Open Ha0Tang opened 2 years ago
You can follow the code in conversion.ipynb
how to generate the metadata.pkl file?
I'm also interested in generating a metadata.pkl from my own data for inference. @auspicious3000 do you happen to have the script that produces the metadata.pkl that's used for inference, not for training?
Simply adding the mel spectograms produced by make_spect.py
and make_metadata.py
to the lists of speakers in make_metadata.py
instead of the paths does not produce sensible results with conversion.ipynb
, just noise.
Each metadata is a list of [filename, speaker embedding, spectrogram]
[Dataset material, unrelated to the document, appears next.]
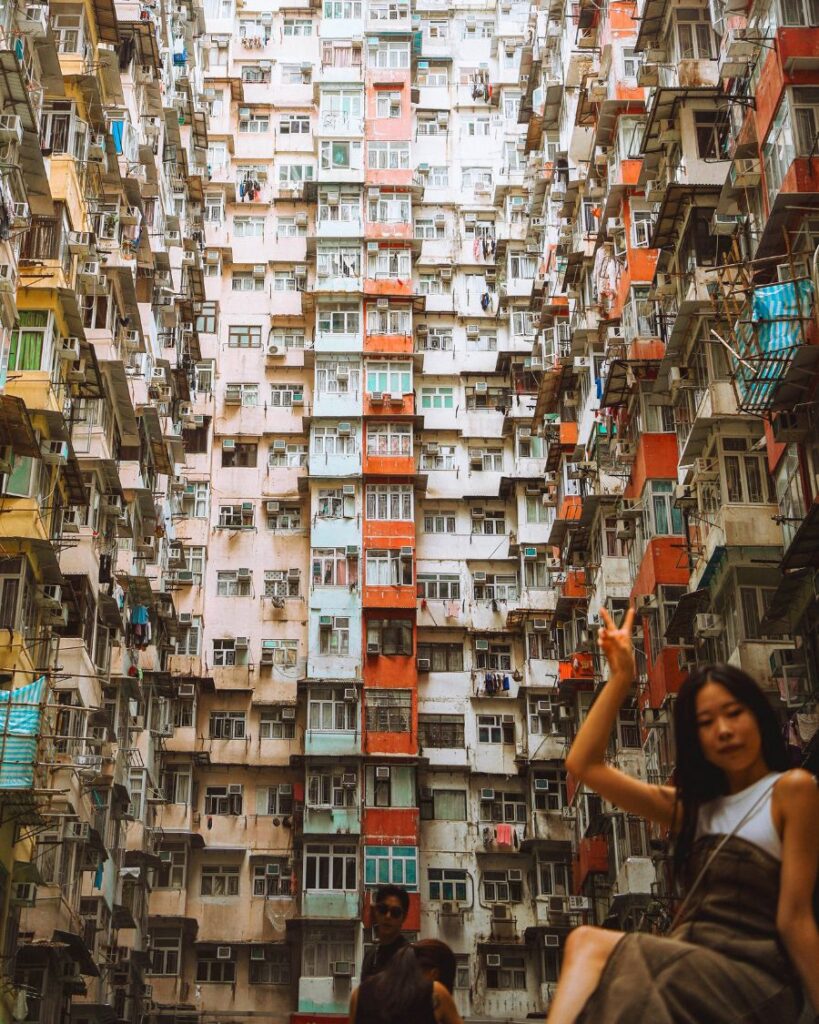 Visiting the Yik Cheong "Monster" Building, Hong Kong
@ljc222 @Ha0Tang if you go through past issues, you'll stumble across this repo/notebook which puzzles it all together to make it work end-to-end: https://github.com/KnurpsBram/AutoVC_WavenetVocoder_GriffinLim_experiments/blob/master/AutoVC_WavenetVocoder_GriffinLim_experiments_17jun2020.ipynb
Hope this helps!
You can follow the code in conversion.ipynb
I looked at https://github.com/auspicious3000/autovc/blob/master/conversion.ipynb and I have zero idea how that helps with this.
I just need some way to, on the command line, provide the original voice as a wav/mp3, provide the file to change the voice of as wav/mp3, and get the output file with the voice changed written to disk.
How do I do that? How does anyone ever use this if something this basic isn't documented? Am I missing something obvious ?
Thanks a lot to anyone with any information.
@ljc222 @Ha0Tang if you go through past issues, you'll stumble across this repo/notebook which puzzles it all together to make it work end-to-end: https://github.com/KnurpsBram/AutoVC_WavenetVocoder_GriffinLim_experiments/blob/master/AutoVC_WavenetVocoder_GriffinLim_experiments_17jun2020.ipynb
@lisabecker hi! How do you generate the metadata for inference? make_metadata.py generates metadata for train, or in the end, this script is for generating metadata for both train and inference? (just with a different path for the mel-spec)
How to test on my own data? I have a "Source Speaker / Speech" and a "Target Speaker / Speech", I want to generate the "Conversion", as shown on the demo page https://auspicious3000.github.io/autovc-demo/. Can anyone provide some instructions?